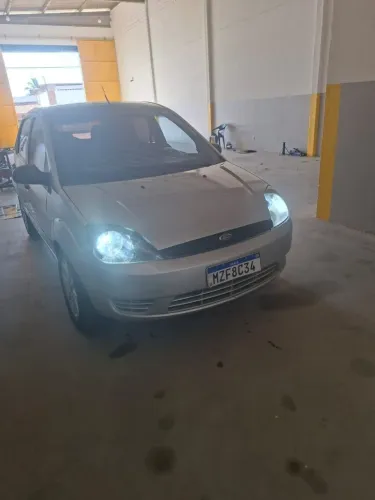 Ford Fiesta Street/ Action 1.0 8V 5P 2005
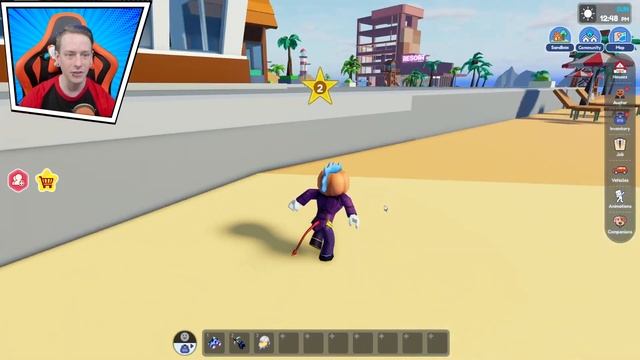 Secret Robot Head Location For The School Mystery In Roblox Livetopia Update смотреть онлайн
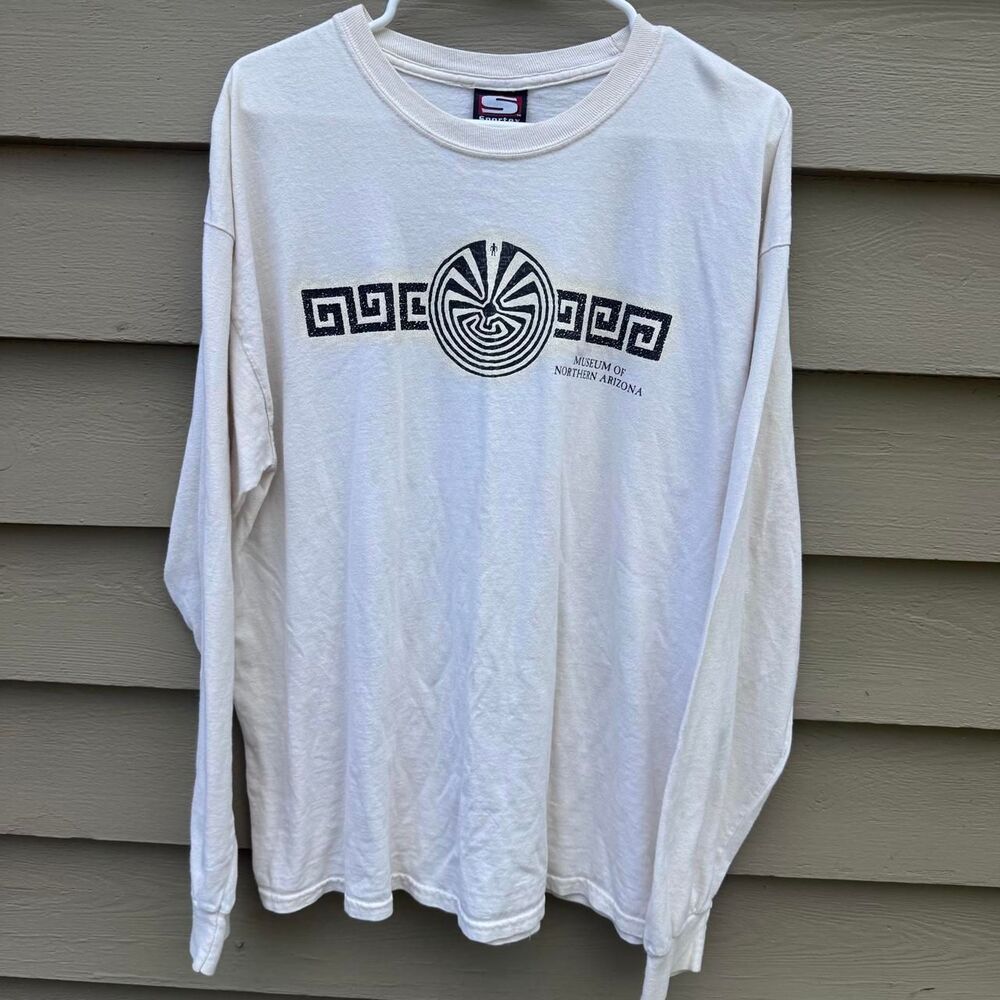 Unbranded Men's White and Cream Shirt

--*--

AIM OF THE EXERCISE>
Print out the whole listing word for word. Leave the pictures out.

RESULT OF THIS TASK>
 Ford Fiesta Street/ Action 1.0 8V 5P 2005
 Secret Robot Head Location For The School Mystery In Roblox Livetopia Update смотреть онлайн
 Unbranded Men's White and Cream Shirt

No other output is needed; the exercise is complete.